All in all, I made a very fast and smooth recovery, but I couldn’t have done it alone. I would like to thank all those who helped me. I would like to thank my family, Mom, Dad, Erin, Patrick, Jack, and Grace. You guys were there every step of the way, and Patrick, thanks for always talking lacrosse with me and showing me what it meant to come back stronger from an injury. 

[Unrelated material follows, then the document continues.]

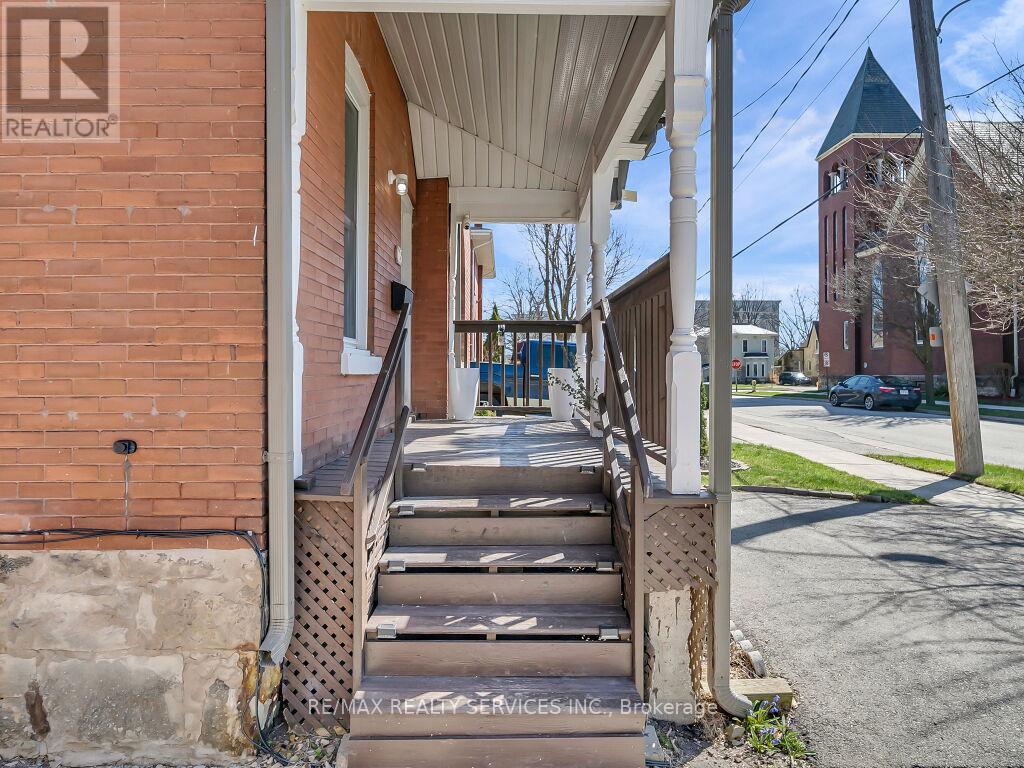 65 Moore Street Property Photo 6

I would also like to thank Dr. Cole and his amazing staff at Midwest Orthopedics at Rush. I want to thank Brad and Jan at Athletico; you guys made a long and painful experience as fun and exciting as you could. Thanks to my coaches and teammates for always keeping me in the loop and reminding me what I am working for.

 Finally, I would like to thank our athletic trainer, Matt. You have been there every step, spent countless hours with, and have put up with me even when I wouldn’t shut up or complained endlessly. You are a huge reason I recovered with speed and ease. 

I want this piece to serve as motivation to those who have suffered a similar injury or any injury. I am not going to lie, it’s going to suck. It will hurt; you’ll be mad, sad, frustrated, and sometimes feel alone. The best thing I learned was that it is going to get better. I learned that it is important to stay positive and keep working. Do not let your injuries or scars define you. They are just reminders that you got knocked down and got up and got better. Do not be afraid to lean on others and ask for help. There is no shame in that. Just remember that it will get better and it will make you a stronger person. Keep your head up and keep moving forward.